Zo begon in 1967 het verhaal van de Dyane. Het was geen opvolger van de geit, de wagen kwam tussen de 2CV en de AMI6 te staan. Toch werd de Dyane op dezelfde productielijn als de 2CV gemaakt. Dat had zo zijn voordelen. Er konden kosten gepaard worden, waardoor de wagen low budget kon gehouden worden. Indien het nieuwe model aansloeg kon de Dyane bovendien de productie van de geit zonder problemen overnemen.

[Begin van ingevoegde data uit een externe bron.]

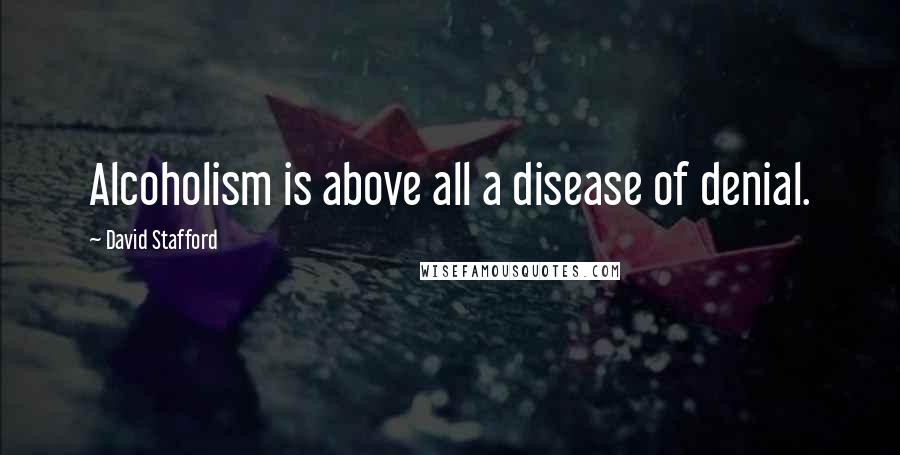 David Stafford Quotes: Alcoholism is above all a disease of denial.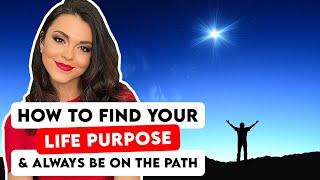 How to Find Your Life Purpose & Always Be on the Path | Connect with the North Star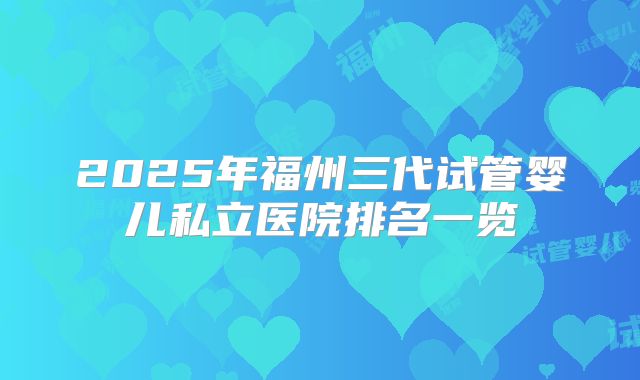 2025年福州三代试管婴儿私立医院排名一览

Tegelijk waren er ook wel een aantal beperkingen. Doordat de Dyane dezelfde basis had als de 2CV waren ook de afmetingen gelijk: breder dan de geit kon dus niet. Naast
het platform en de afmetingen, bleef ook
de motor hetzelfde. Die was namelijk fiscaal aantrekkelijker dan die van de R4.
Ontwerp van Panhard
Het ontwerp van de Dyane is niet van de hand van het stylingbureau van Citroën. De designers hadden namelijk hun handen vol met de restyling van zowel de DS als de AMI6. Het ontwerp werd daarom uitbesteed aan een dochterafdeling, de designafdeling van Panhard. Die automobielfabrikant, de oudst nog bestaande in Frankrijk, was deels eigendom van Citroën.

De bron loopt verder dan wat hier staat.